Exercise prompt:
Word for word, retype the lines from the one containing "Cover Art for" to the one containing "英超赛季外援政策调整与球队整合趋势分析及影响探讨 英超赛" below, keeping both end lines and dropping the pictures.

Source material:
============

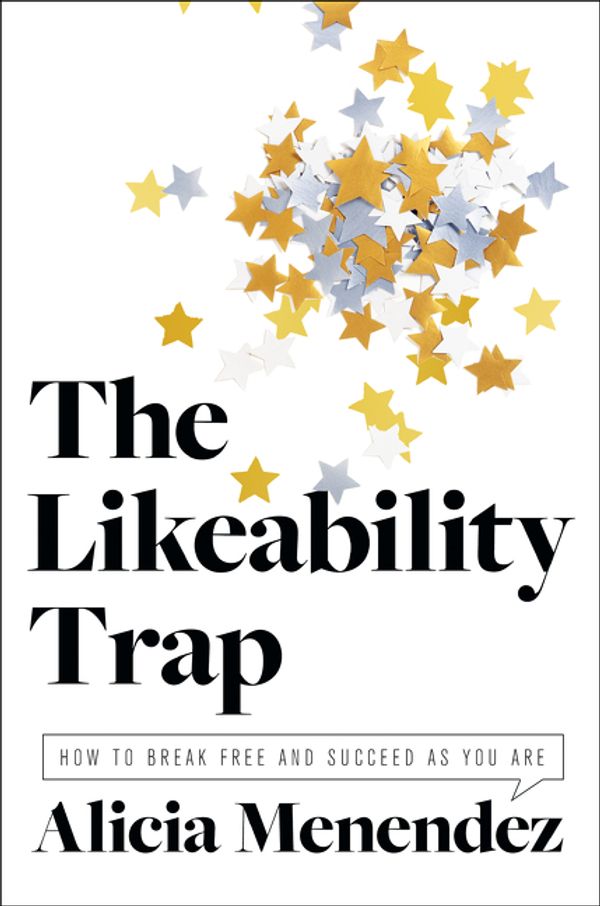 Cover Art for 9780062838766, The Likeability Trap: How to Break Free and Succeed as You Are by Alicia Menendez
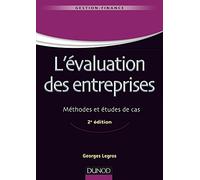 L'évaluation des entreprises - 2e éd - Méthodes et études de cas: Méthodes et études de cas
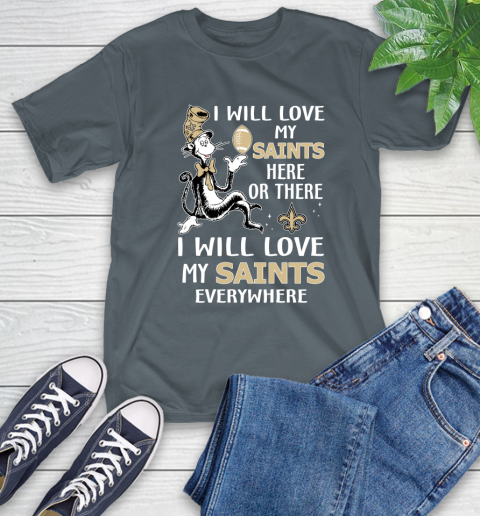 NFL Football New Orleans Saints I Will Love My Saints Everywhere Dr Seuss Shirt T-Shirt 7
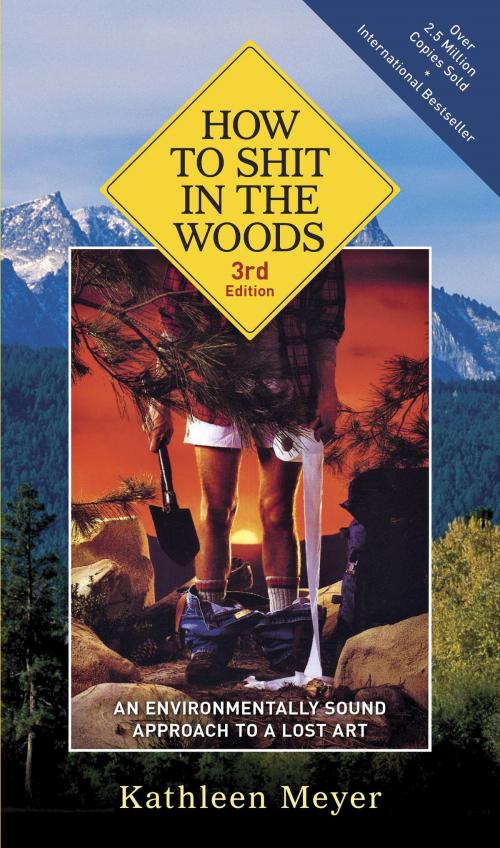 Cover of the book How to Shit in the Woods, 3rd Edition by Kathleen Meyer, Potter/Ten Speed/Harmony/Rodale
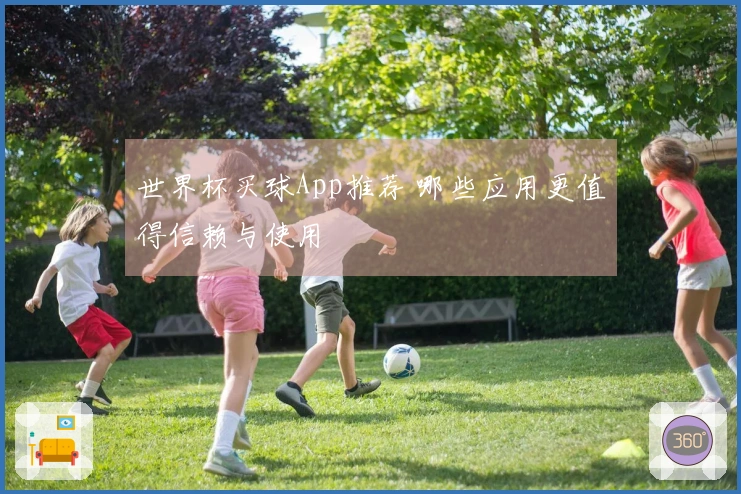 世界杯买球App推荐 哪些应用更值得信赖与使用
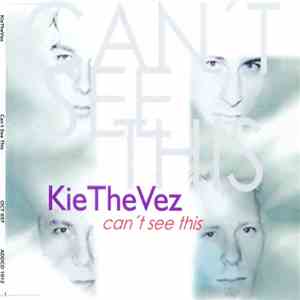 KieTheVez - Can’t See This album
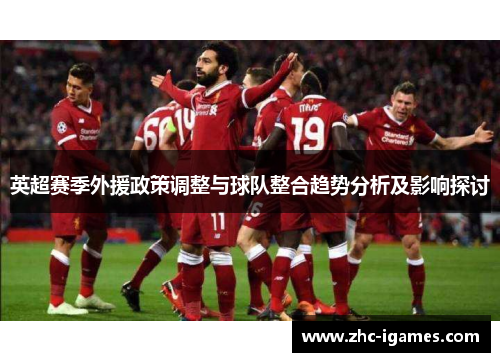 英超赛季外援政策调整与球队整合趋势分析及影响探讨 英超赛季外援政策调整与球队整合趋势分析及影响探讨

============

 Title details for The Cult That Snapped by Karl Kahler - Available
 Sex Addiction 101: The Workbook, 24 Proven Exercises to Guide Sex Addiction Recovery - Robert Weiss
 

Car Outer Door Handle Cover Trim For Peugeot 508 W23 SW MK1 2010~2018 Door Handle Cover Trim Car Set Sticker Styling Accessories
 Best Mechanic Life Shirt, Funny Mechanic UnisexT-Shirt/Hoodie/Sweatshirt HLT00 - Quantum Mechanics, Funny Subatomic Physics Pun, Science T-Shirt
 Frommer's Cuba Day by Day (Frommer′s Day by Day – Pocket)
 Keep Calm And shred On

============

Output for this task:
 Cover Art for 9780062838766, The Likeability Trap: How to Break Free and Succeed as You Are by Alicia Menendez
 L'évaluation des entreprises - 2e éd - Méthodes et études de cas: Méthodes et études de cas
 NFL Football New Orleans Saints I Will Love My Saints Everywhere Dr Seuss Shirt T-Shirt 7
 Cover of the book How to Shit in the Woods, 3rd Edition by Kathleen Meyer, Potter/Ten Speed/Harmony/Rodale
 世界杯买球App推荐 哪些应用更值得信赖与使用
 KieTheVez - Can’t See This album
 英超赛季外援政策调整与球队整合趋势分析及影响探讨 英超赛季外援政策调整与球队整合趋势分析及影响探讨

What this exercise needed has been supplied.